The result should be every line of the listing that holds the word "standard".

• **Extracted information**:

◆ ◆ ◆

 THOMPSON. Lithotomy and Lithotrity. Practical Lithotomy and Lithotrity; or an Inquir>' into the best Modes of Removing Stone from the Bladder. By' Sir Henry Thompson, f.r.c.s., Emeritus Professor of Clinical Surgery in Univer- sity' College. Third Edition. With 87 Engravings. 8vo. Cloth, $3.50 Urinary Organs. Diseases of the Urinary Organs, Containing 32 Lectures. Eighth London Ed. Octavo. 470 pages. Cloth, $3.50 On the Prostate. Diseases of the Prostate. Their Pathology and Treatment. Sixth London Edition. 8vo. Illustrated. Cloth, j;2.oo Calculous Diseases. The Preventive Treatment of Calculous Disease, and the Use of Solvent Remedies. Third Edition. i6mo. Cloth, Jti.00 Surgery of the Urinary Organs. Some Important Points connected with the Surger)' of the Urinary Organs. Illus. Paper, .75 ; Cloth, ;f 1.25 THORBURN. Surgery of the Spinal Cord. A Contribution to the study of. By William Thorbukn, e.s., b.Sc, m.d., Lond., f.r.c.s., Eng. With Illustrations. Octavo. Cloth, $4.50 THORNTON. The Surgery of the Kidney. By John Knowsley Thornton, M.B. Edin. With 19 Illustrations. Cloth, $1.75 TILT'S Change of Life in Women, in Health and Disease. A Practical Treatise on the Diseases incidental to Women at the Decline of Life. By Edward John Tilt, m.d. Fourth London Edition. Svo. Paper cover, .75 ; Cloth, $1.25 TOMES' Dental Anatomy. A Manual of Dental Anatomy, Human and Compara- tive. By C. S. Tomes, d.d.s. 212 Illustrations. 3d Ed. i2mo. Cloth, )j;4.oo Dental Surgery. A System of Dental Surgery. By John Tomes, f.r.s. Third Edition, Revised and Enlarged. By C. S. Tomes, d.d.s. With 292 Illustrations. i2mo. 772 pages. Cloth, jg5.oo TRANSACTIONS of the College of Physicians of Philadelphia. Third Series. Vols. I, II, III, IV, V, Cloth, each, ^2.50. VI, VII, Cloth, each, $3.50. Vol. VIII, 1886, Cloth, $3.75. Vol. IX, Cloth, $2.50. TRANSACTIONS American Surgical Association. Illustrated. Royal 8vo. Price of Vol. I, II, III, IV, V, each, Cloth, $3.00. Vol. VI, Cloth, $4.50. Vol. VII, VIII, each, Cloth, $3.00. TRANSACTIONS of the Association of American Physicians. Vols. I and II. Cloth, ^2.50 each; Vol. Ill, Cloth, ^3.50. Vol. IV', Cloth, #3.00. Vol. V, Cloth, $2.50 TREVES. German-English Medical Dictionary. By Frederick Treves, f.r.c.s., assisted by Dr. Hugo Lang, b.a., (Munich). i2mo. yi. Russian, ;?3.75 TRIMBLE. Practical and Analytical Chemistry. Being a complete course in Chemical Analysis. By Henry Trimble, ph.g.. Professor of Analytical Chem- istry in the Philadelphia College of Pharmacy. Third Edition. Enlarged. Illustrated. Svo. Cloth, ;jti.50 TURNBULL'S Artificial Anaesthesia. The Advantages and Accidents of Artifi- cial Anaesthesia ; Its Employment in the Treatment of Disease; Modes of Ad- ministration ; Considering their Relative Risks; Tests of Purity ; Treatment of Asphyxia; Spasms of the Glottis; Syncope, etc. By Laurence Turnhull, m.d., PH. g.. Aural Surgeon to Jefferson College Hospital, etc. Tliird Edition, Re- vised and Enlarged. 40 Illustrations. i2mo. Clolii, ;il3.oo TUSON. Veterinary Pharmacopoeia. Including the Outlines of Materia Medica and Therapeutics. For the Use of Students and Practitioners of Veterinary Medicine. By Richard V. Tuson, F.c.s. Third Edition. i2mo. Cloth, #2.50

◆ ◆ ◆

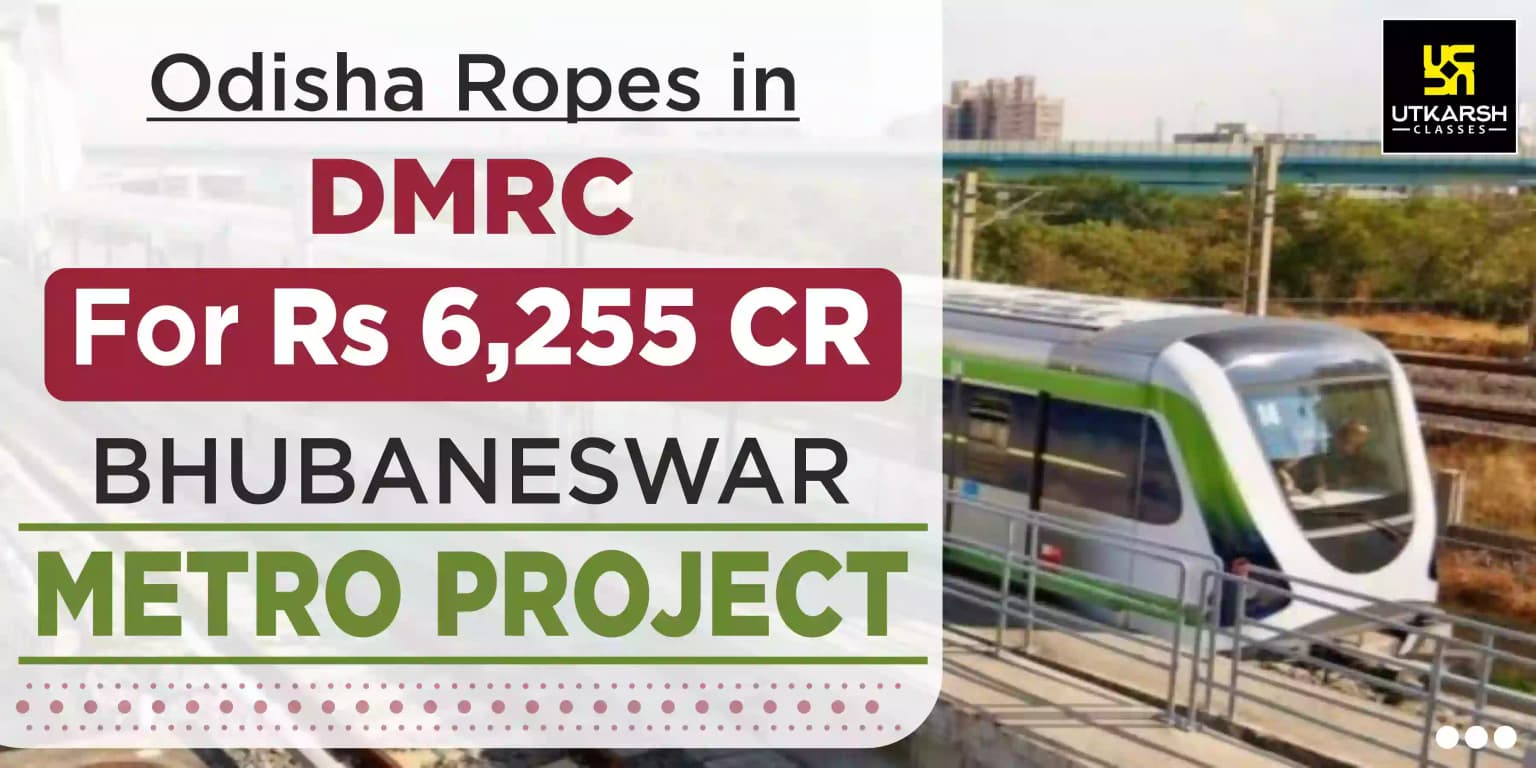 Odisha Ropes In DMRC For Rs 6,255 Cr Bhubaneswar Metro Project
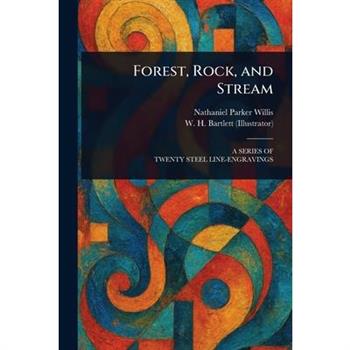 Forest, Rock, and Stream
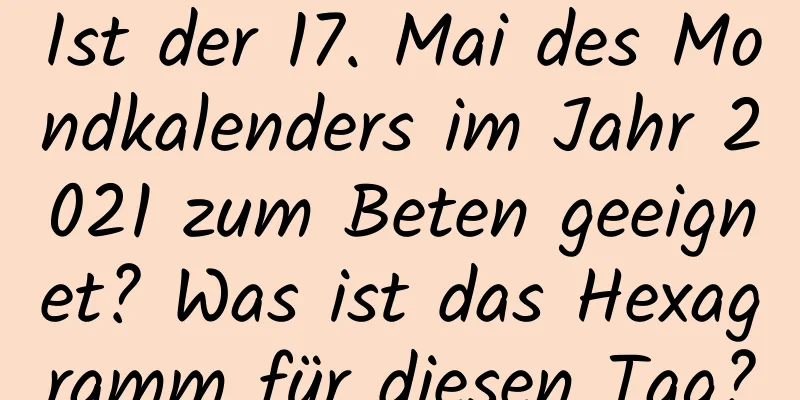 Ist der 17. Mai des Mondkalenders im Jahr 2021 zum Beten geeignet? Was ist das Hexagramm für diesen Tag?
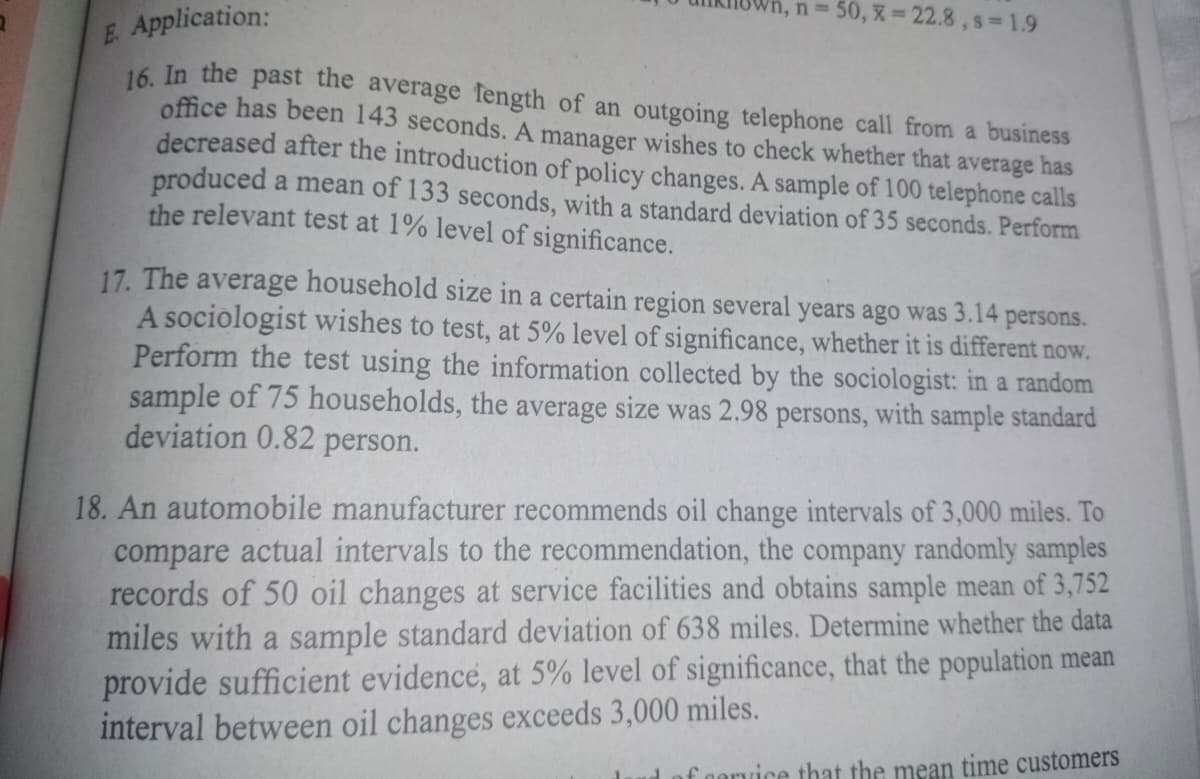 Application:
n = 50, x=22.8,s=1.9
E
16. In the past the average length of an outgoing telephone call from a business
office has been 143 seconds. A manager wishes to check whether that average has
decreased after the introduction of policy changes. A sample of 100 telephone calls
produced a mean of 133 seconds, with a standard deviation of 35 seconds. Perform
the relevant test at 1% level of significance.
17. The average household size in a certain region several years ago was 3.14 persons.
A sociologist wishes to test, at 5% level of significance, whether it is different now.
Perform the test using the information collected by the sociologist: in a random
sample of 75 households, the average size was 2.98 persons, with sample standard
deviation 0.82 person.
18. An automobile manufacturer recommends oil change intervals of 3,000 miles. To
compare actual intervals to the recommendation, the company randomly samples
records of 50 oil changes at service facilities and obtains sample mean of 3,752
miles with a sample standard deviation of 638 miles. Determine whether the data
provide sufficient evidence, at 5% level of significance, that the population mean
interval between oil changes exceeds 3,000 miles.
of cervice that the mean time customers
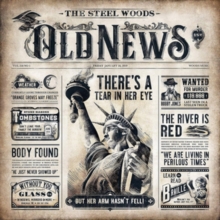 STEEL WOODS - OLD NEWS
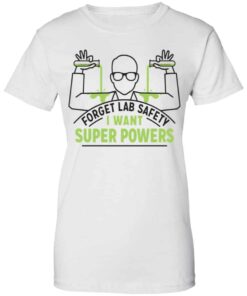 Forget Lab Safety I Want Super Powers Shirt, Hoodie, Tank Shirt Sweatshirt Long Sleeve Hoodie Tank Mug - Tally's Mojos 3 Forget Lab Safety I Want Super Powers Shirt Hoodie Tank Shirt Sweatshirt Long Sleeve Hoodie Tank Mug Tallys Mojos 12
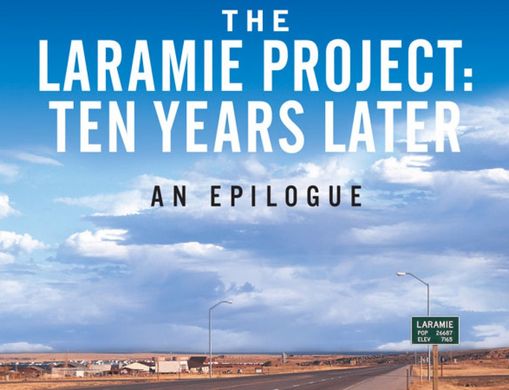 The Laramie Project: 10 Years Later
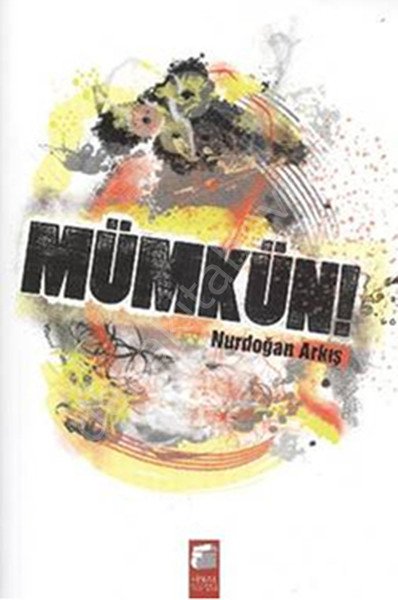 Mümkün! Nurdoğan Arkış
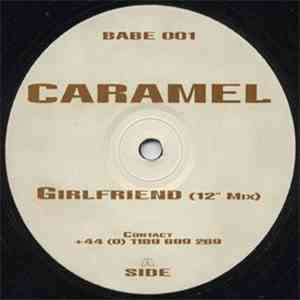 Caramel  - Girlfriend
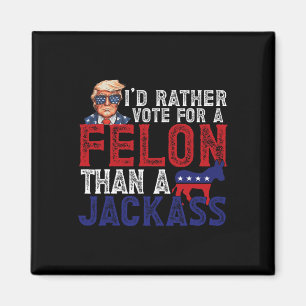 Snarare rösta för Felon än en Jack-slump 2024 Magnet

◆ ◆ ◆

• **Answer area**:
produced a mean of 133 seconds, with a standard deviation of 35 seconds. Perform
sample of 75 households, the average size was 2.98 persons, with sample standard
miles with a sample standard deviation of 638 miles. Determine whether the data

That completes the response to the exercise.